Since the second half of the season began, the Lakers have truly begun to redeem themselves from all the dysfunction that had been taking place before the All-Star break. Now, when you think of LA's sudden momentum boost, you must ask yourself—who gets the credit?

It's easy to default to Kobe Bryant, the team's perennial iron man, who took the initiative to embrace his role as the team's facilitator and only make the big-game plays when absolutely necessary. You might even think of Earl Clark, the young upstart who seized the opportunity to shine in the absence of an injured Pau Gasol. 

However, the guy who's made the most contributions to the Lakers' success but has not had enough recognition has got to be the big man himself, Dwight Howard.

At the start of the 2012-13 campaign, Howard immediately had a chip on his shoulder that was big enough to give the 6'11" powerhouse a run for his money. When Howard first came to the Lakers, all eyes immediately fell on him. Needless to say, these same eyes began to roll once he actually began to play in a Lakers uniform. 

Defensively, Dwight's performance was dismal, to say the least. He began to show weakness in the key, and he was not aggressive in obtaining the turnover. 

The lack of aggression translated on the offensive side, as well. Howard failed to drive to the boards and demonstrate his power and strength at moving past defenders, and his free-throw shooting was so bad, the term "hack-a-Dwight" immediately became a term worthy of a trending topic on Twitter. 

However, that was then, this is now. The All-Star break was just what D12 needed to get his head on straight. Despite facing a slight setback due to injury, Howard did not let that hinder his desire to be the big man LA needed in order to succeed. 

Howard's presence on defense began to make itself known, ending games with double-double statistics, with most of them coming from the defensive end. This is proven with his performance in games against the Chicago Bulls, Indiana Pacers and Sacramento Kings, in which he either rebounded or blocked in double figures. Regardless of the game's outcome, Howard quickly began to return to top form. 

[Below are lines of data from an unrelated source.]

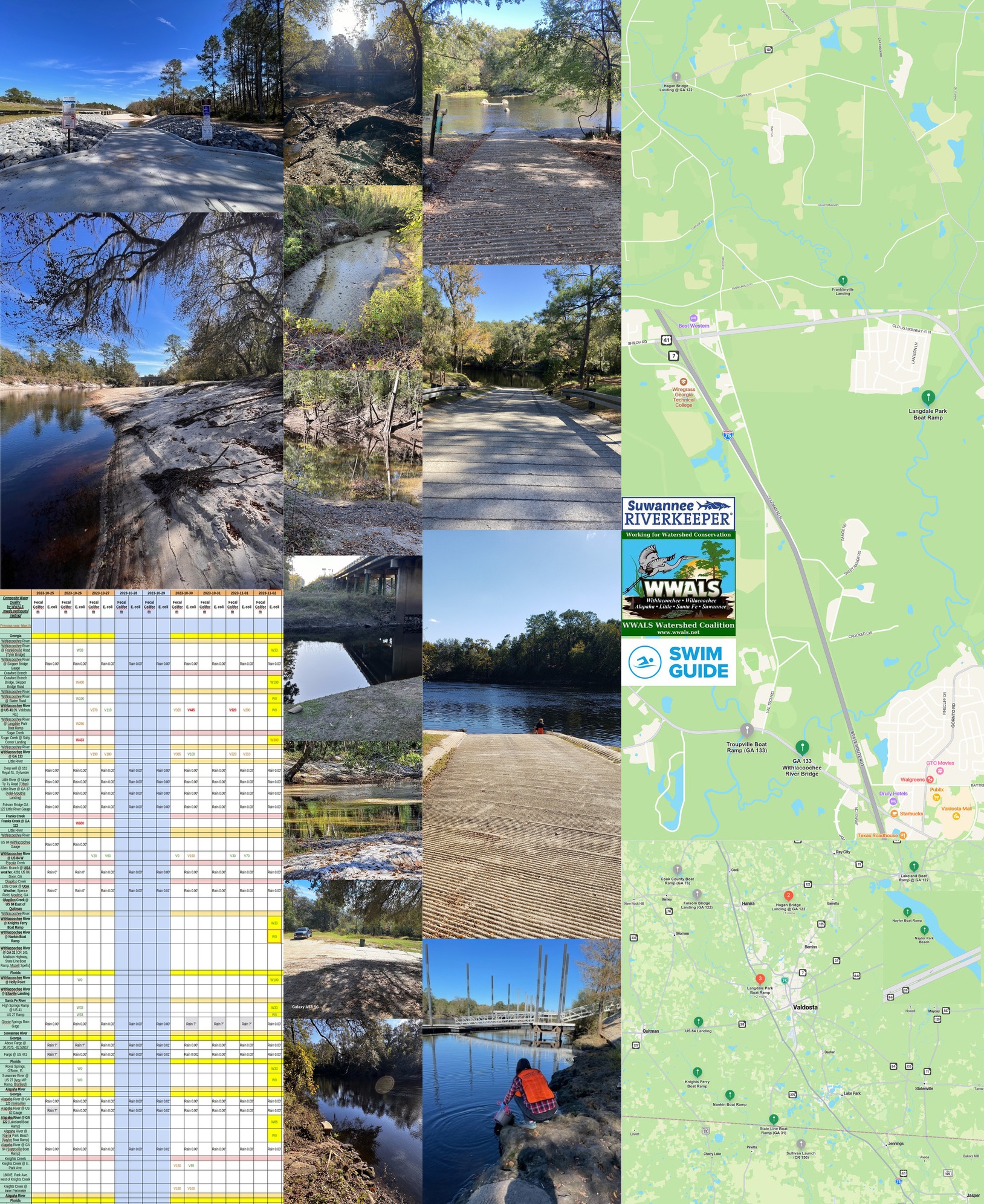 Chart, Rivers, Swim Guide Map 2023-11-02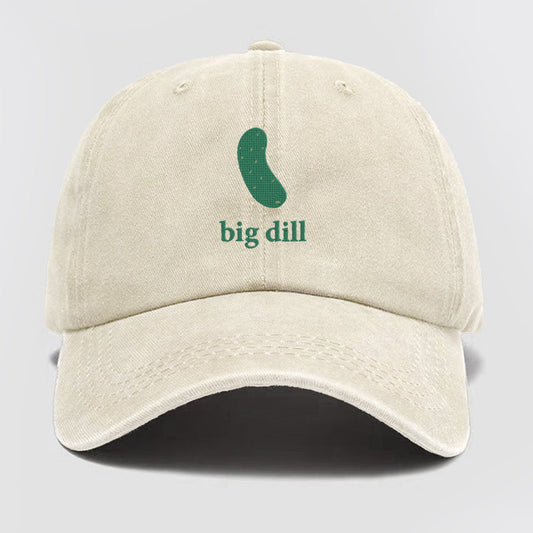 Big Dill Embroidered Washed Baseball Cap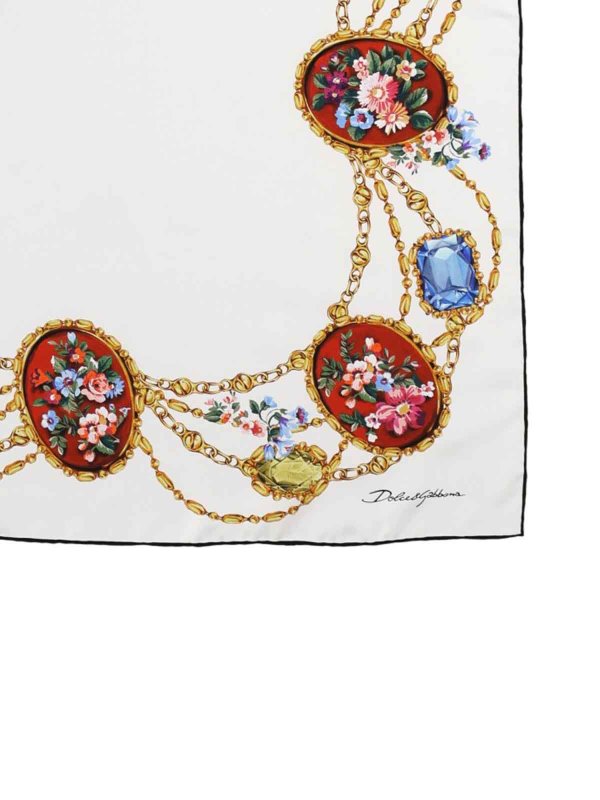 DOLCE & GABBANA: Stole & Scialli online - Sciarpa di seta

As far as his well-being was concerned, Dwight finally began to show signs of consistency. After getting the tough love treatment from Bryant, Howard progressed toward getting healthy and staying there. 

Since the incident with the man known as "Vino" occurred, in which everyone assumed a replay of the Kobe-Shaq feud of the mid-2000s was imminent, Howard has regained his power, agility and his all-around athleticism. 

Howard has new life injected in him; the hottest commodity of this past offseason is finally living up to the hype, and it's because of this that he deserves the most recognition for putting the Lake Show back on the map. 

We don't know what will happen once the season is over; whether or not the "Dwightmare" will return is still up in the air. But until then, let's just all enjoy the stellar skills of the man this humble columnist is referring to as, "The HighDwight Reel."